DATA SHOWN>

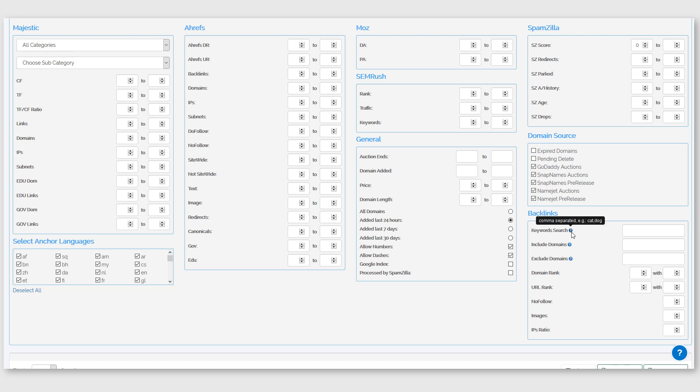You can enter a comma-separated list of any keywords. So if you had, say, a group of five keywords from your niche, then you could add a comma-separated list here of those five keywords and it will search through the Spamzilla database and find any domains that have those keywords inside the anchor text that's pointing to the domains.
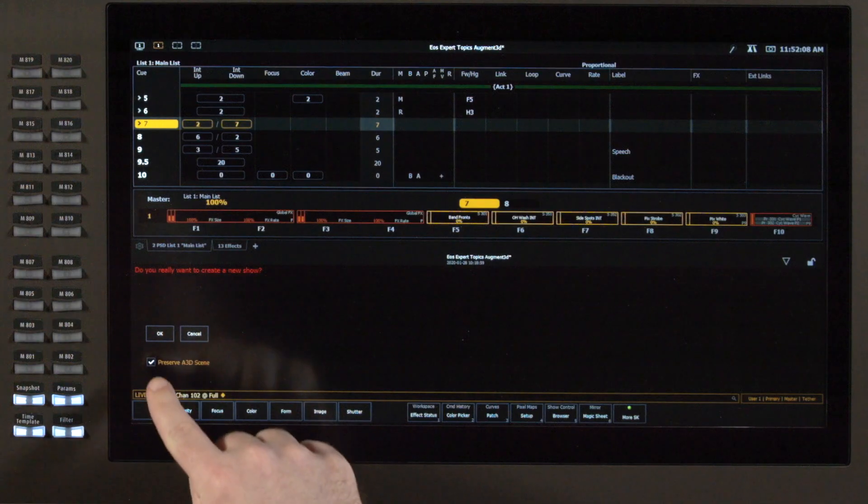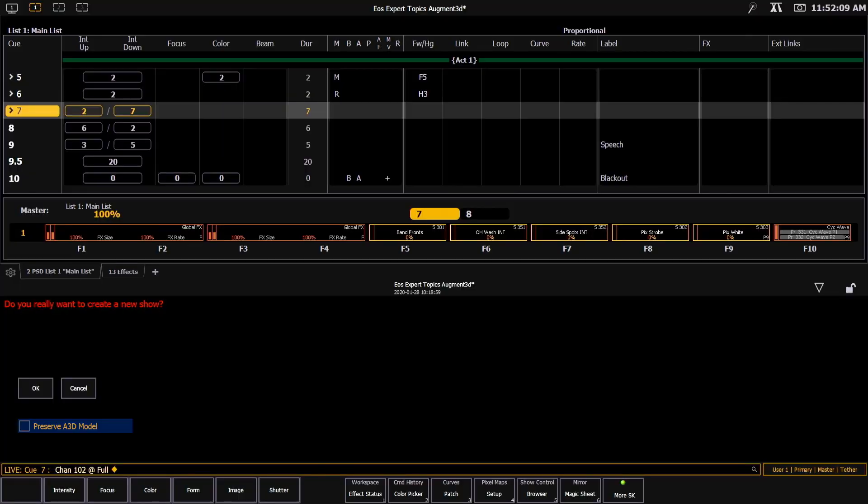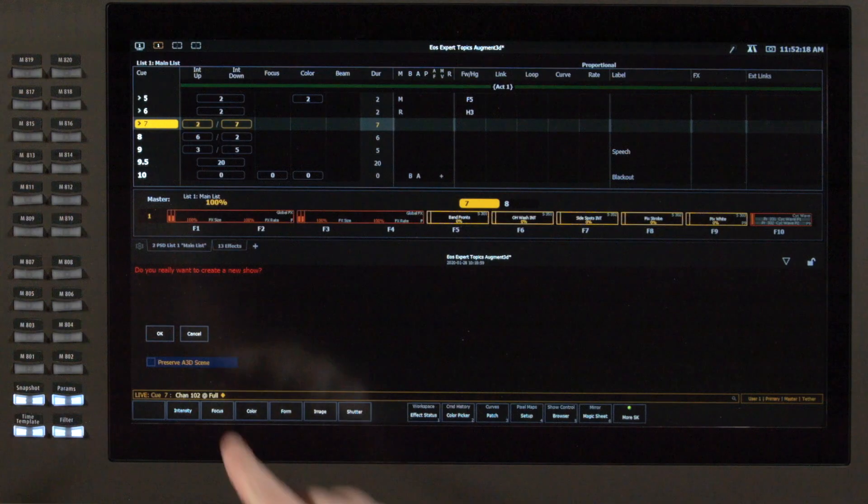For today we're going to uncheck that box and that is going to delete all of the model information out as well as all my fixture information. So I'm going to start from a truly new show file.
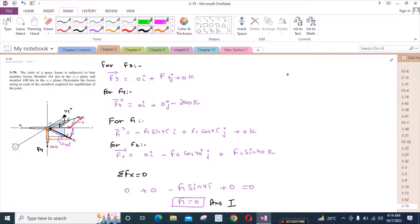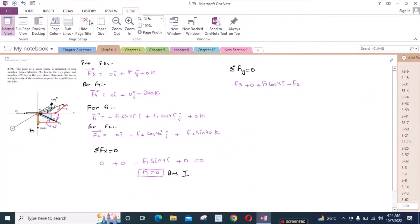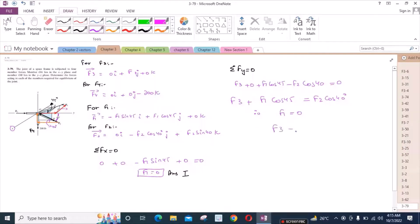Now for the sum of forces in the Y direction equals zero, we have F3 + F1 cos45° − F2 cos40° = 0. Since F1 = 0, this equation reduces to F3 = F2 cos40°. Let's call this equation A.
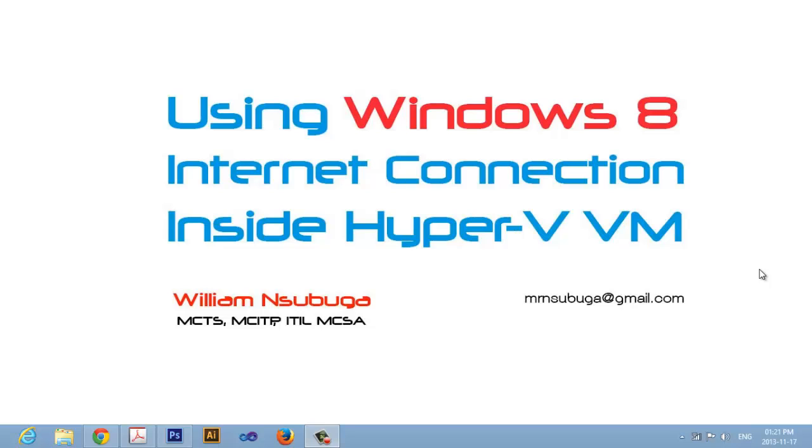Hi there, welcome to this tutorial on using Windows 8 internet connection inside a Hyper-V virtual machine. My name is William and I'm excited to share with you my experience that I went through after installing a virtual machine on my laptop.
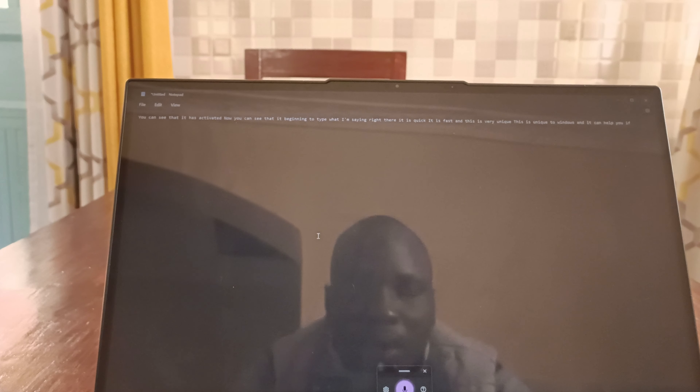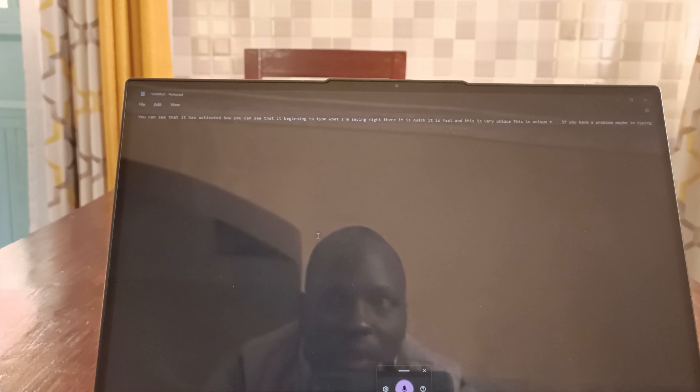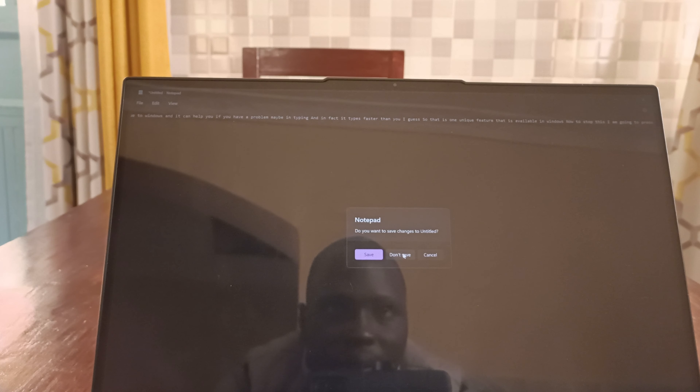It is quick, it is fast, and this is very unique to Windows. It can help you if you have a problem with typing — in fact it types faster than I do. To stop this, press Windows key plus H or simply click the microphone to stop. The accuracy is very accurate and fast, and this feature is very useful.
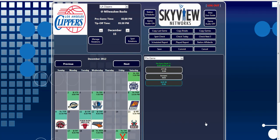Now let's look at the reporting features. These features allow you to pull information directly from the system, including scheduling reports, as-played reports, and affidavit generation. The three report buttons are located under the row of Spot Check buttons and include the Scheduled Report, Played Report, and Station Affidavits buttons. Each button pulls a different kind of report, but the process for selecting the information is the same.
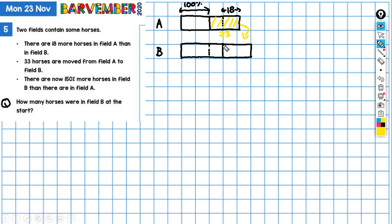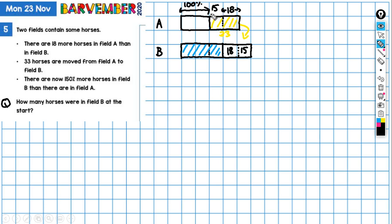That's the situation at the beginning — field B at the beginning. This 33 is going to be added on here, the 33 horses. Now, we know that this part here is 18, because we've got that from the beginning. So this is 18. If that's 18, then this bit here must be 15, because 33 take away 18 is 15. So that's 15, and this is also 15 here. So 15 plus 18 is the 33. The 18 and the 15 are being added on to field B.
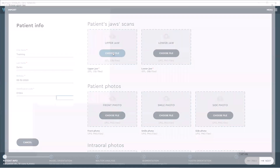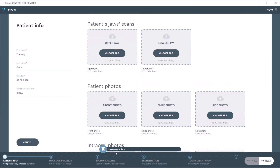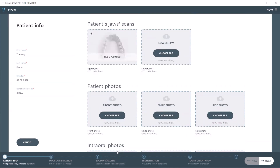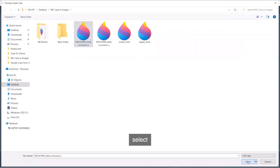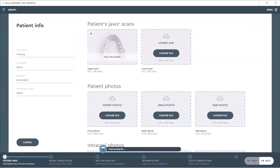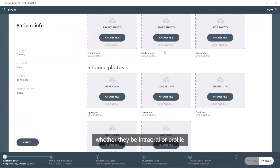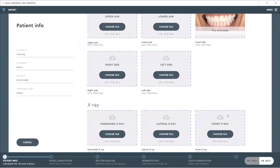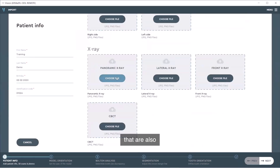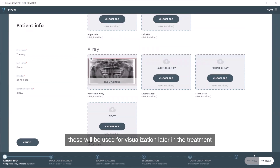We'll select our upper jaw. You'll browse for your file, select your STL or OBJ files, and click open. The timeline will tell you as soon as the case has been uploaded. Then we will choose our lower jaw — same process: select, click open. Any images you desire to upload, whether intraoral, profile, or panoramic x-ray images, are also an option. These will be used for visualization later in the treatment.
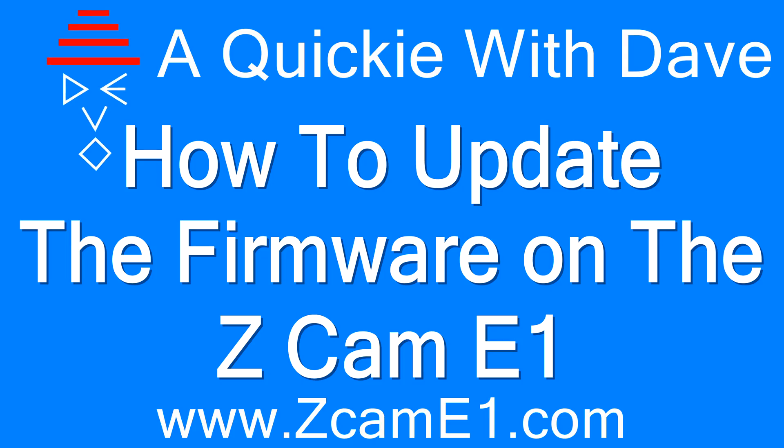Hi, I'm David Harry and in this the 10th in the series of a Quickie with Dave, I'm going to show you how to update the firmware on your Z Cam E1 via the SD card.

TASK GOAL> In the listing above, find the line containing "Now for the" and the line containing "It is quick, it". Print those two lines and every line between them exactly, with no pictures.

REPLY>
Now for the sum of forces in the Y direction equals zero, we have F3 + F1 cos45° − F2 cos40° = 0. Since F1 = 0, this equation reduces to F3 = F2 cos40°. Let's call this equation A.
Hi there, welcome to this tutorial on using Windows 8 internet connection inside a Hyper-V virtual machine. My name is William and I'm excited to share with you my experience that I went through after installing a virtual machine on my laptop.
It is quick, it is fast, and this is very unique to Windows. It can help you if you have a problem with typing — in fact it types faster than I do. To stop this, press Windows key plus H or simply click the microphone to stop. The accuracy is very accurate and fast, and this feature is very useful.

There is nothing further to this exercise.